I have been trying for a while to figure out why I feel like this, I think it’s things to do with work, friendships, past events and the norm of relationship arguments that are heightened by my emotions at the moment. But I think one main culprit is social media. I scroll when I’m on public transport, I scroll when watching tv, I scroll every morning and every night before bed. I follow so many amazing bloggers and travel bloggers and yes I enjoy seeing everything and it gives me such inspiration and amazement at what can be created and I am so proud and in awe of what people have achieved. But it also makes me think of all the things I long for but feel like I’ll never be able to achieve and places I’ll never travel to. I also wouldn’t say I’m materialistic but seeing people post outfits and things all day everyday I long to own it just to look as good as them and to post with outfits that look amazing and it does fuel your clothing need seeing it all the time (well it does for me anyway)
It’s also so easy to see what people get up to every second and when I spend weekends doing nothing and seeing people out and about and travelling it really gets to me.
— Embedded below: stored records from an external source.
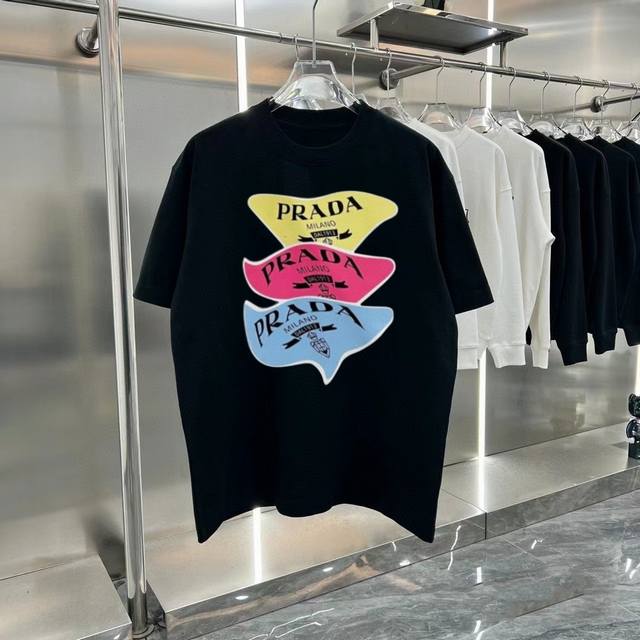 供 Prada 普拉达2025Fw夏季新款 三角标Logo印花圆领套头休闲印花短袖T恤， 采用230克双纱纯棉面料，超级质感柔软透气 上身舒服 品牌元素设计理念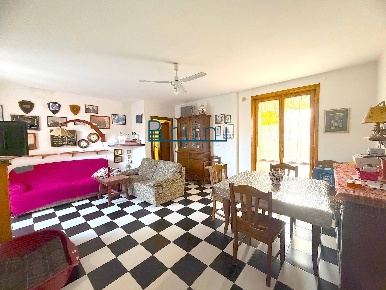 Foto Appartamento in Via Fratelli Rosselli, Grottammare Centro di 100 m²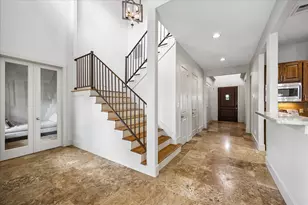 6010 Tyne St, Houston, TX 77007 - Photo 9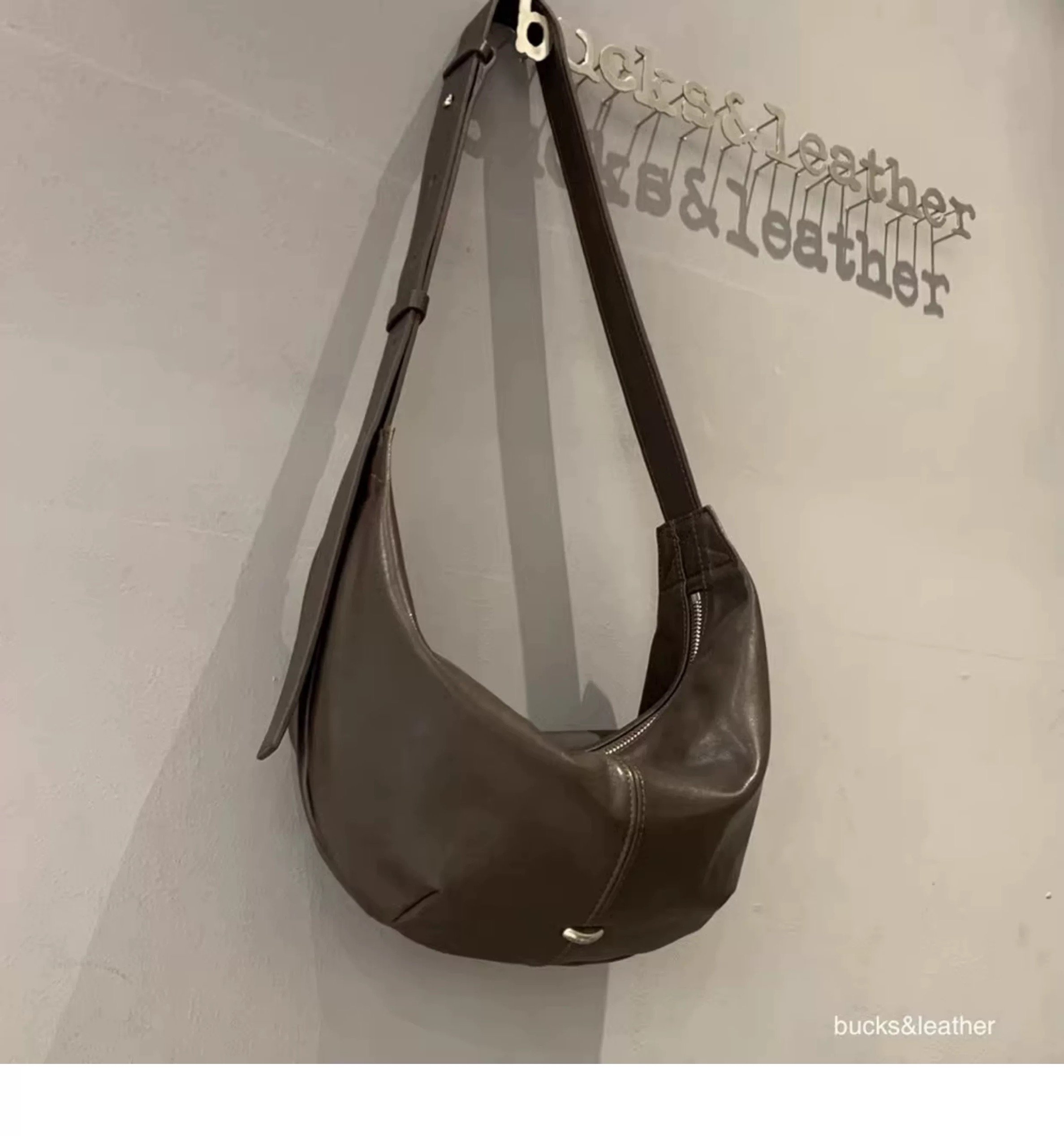 B22 Bucks&Leather 小銀標半月餃子包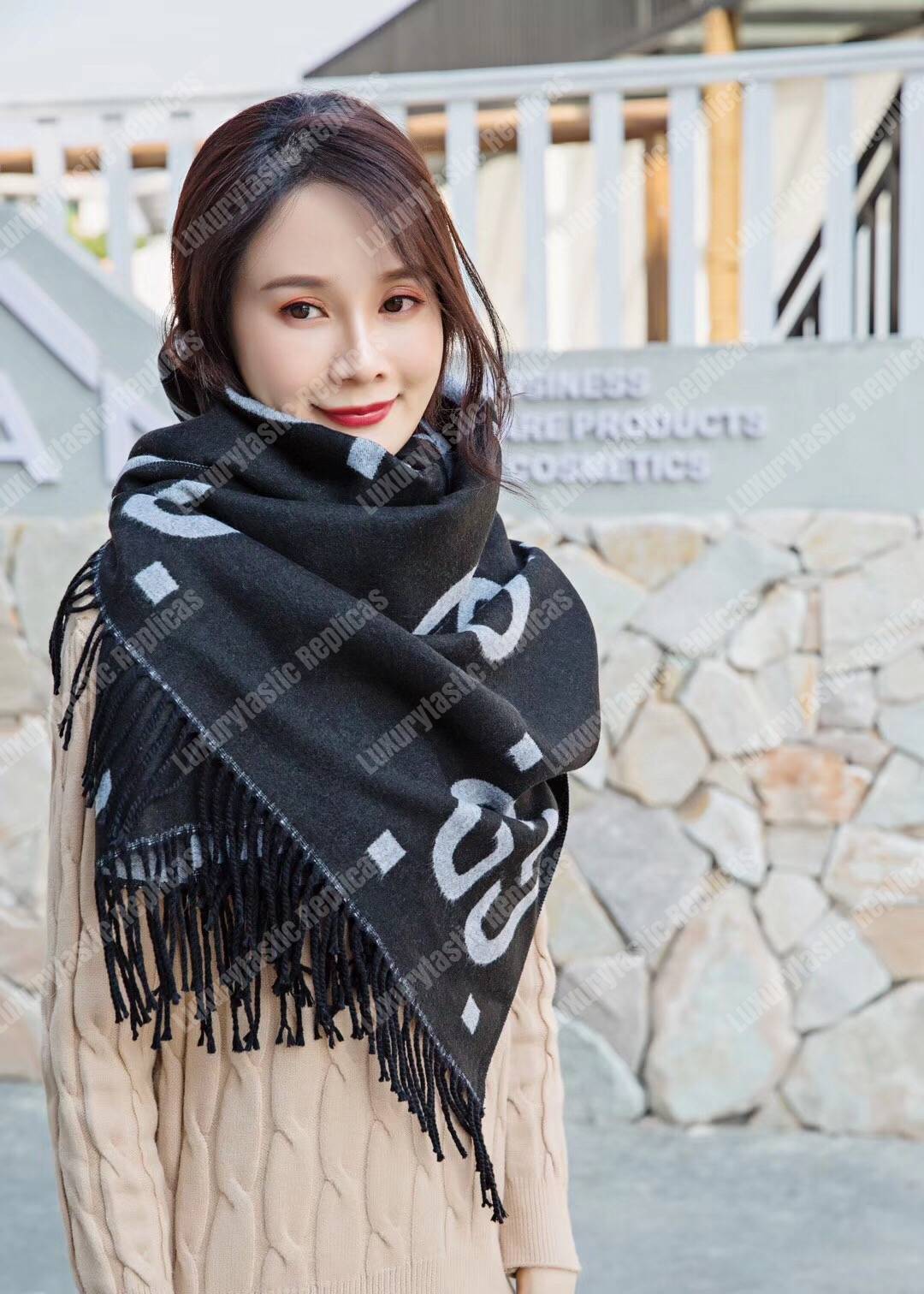 G*u*i gg jacquard wool silk scarf light grey & black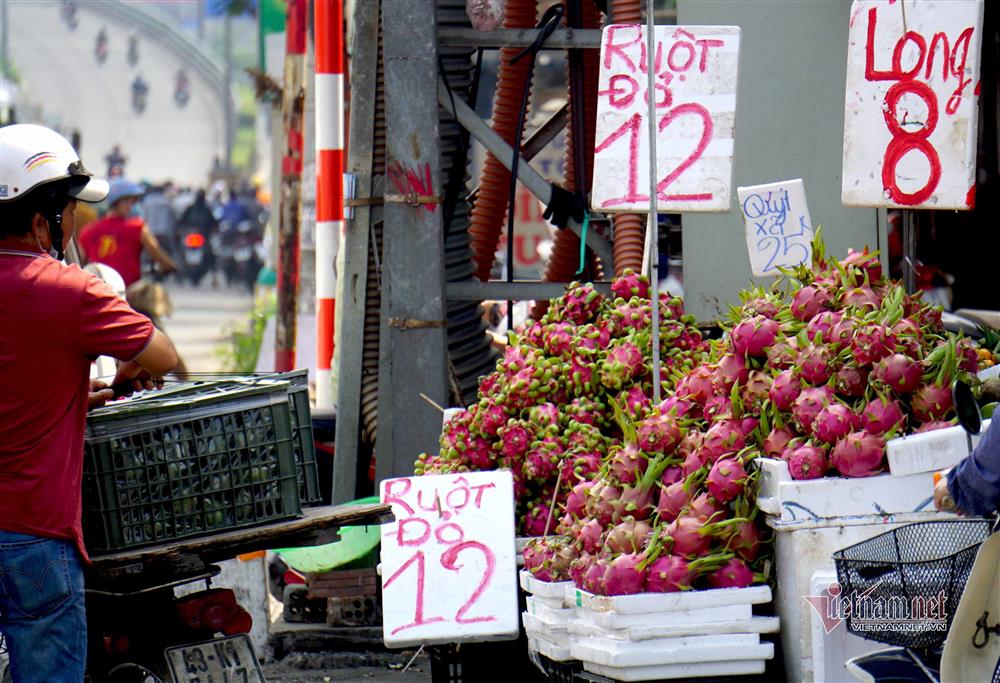 Dưa hấu 5 nghìn, thanh long 8 nghìn: Phơi nắng vỉa hè chờ giải cứu - Ảnh 13.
I know it’s not hard to go out and do things, but sometimes I struggle to think of ideas that both me and my boyfriend can enjoy – that’s a different story. But it’s very easy to be sucked into it all through just swiping all day every day. Recently there was a survey that said that instagram is the main cause of anxiety and depression for those between 14-24 years old and it really made me think, is this why I feel the way I do? Its all so easily accessible and so easy to just post what you want people to see and although I am also aware of that I feel like it’s still tricky for me. I promised myself I’d never be someone who lets it influence me and my emotions but without realising it I feel it really has begun to effect me.
So that’s why I decided that I need to take a step back from social media a lot more. I want to start picking up my phone less and not being fussed about what people are wearing or travelling too or even just getting up to in the day. Of course I want to achieve what others are able to but I know its incredibly hard work. So I decided on Wednesday (this day was picked due to the fact I knew I was going to be busy) to have a complete social media and shopping app free day, I deleted all my social media and shopping apps so I wasn’t tempted and honestly it was quite refreshing. It helped that I had a day full of eating and enjoy time with my best friend and getting content for my blog and instagram. But I didn’t really get the itchy feeling of wanting to scroll and things nor did think about the things I was missing. I was just enjoying being the moment properly spending time with peoples whose company I was in. I think honestly it really benefitted me, I didn’t get the sinking feeling of wanting to be doing and creating what others were I was just focusing on me and what I wanted to take photos of.
I think even if it’s something you enjoy doing, everyone needs to take a break once in a while to regather your thoughts and bring yourself back to the hear and now, even if its for 5-10 minutes. It really does do you the world of good and I think I will try from now on to stop picking my phone up too often and even try to have a social media detox once a week because it’s really healthy.
Have any of you taken days away from everything or have a day every week where you don’t touch it?